TASK TO CARRY OUT:
Among the entries below, the lines from the one with "Preview 4 of" up to and including the one with "Kitchen Faucet 360°" are to be restated exactly, without pictures.

SUPPLIED RECORDS:
· · ·

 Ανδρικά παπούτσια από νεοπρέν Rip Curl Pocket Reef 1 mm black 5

· · ·

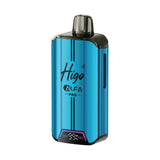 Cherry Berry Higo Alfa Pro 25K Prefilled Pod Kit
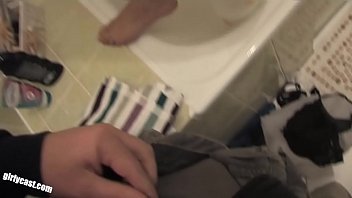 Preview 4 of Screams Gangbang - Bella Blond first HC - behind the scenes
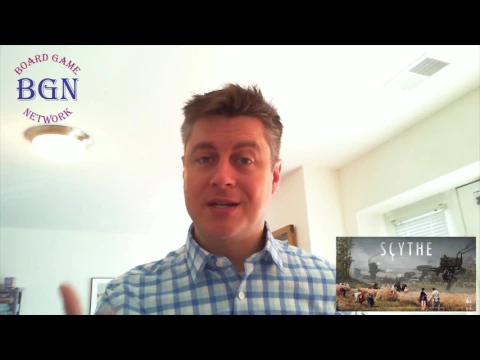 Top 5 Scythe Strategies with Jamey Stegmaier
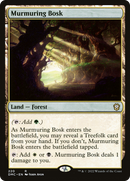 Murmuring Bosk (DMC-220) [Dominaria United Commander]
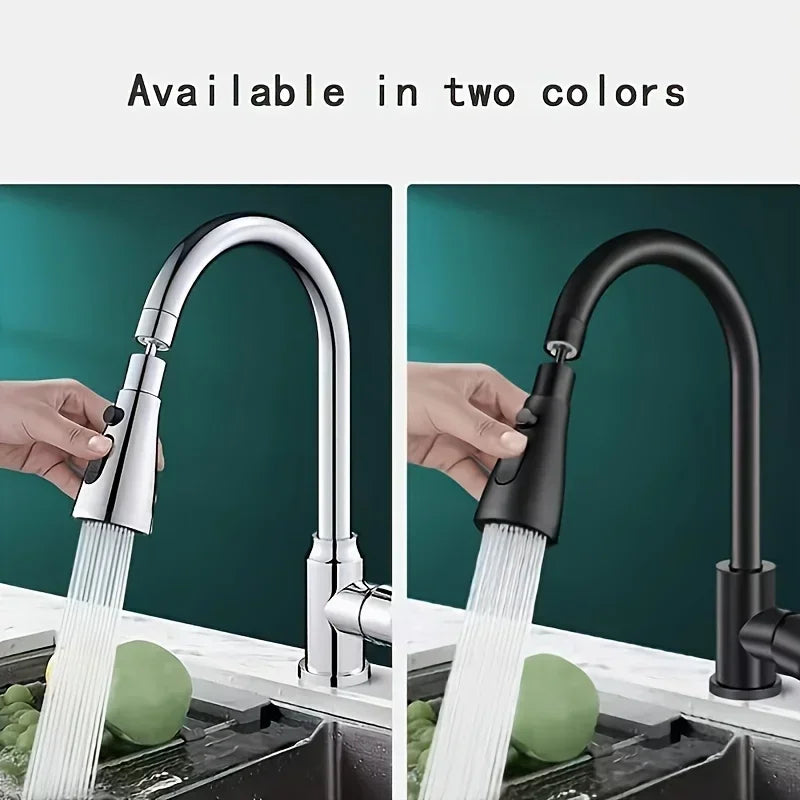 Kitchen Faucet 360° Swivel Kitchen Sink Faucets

· · ·

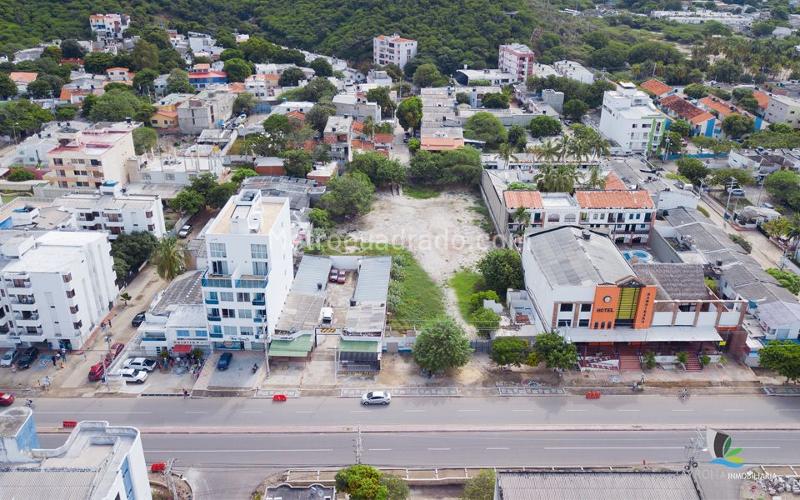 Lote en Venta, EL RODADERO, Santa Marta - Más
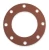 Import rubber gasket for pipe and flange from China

· · ·

EXPECTED ANSWER:
 Preview 4 of Screams Gangbang - Bella Blond first HC - behind the scenes
 Top 5 Scythe Strategies with Jamey Stegmaier
 Murmuring Bosk (DMC-220) [Dominaria United Commander]
 Kitchen Faucet 360° Swivel Kitchen Sink Faucets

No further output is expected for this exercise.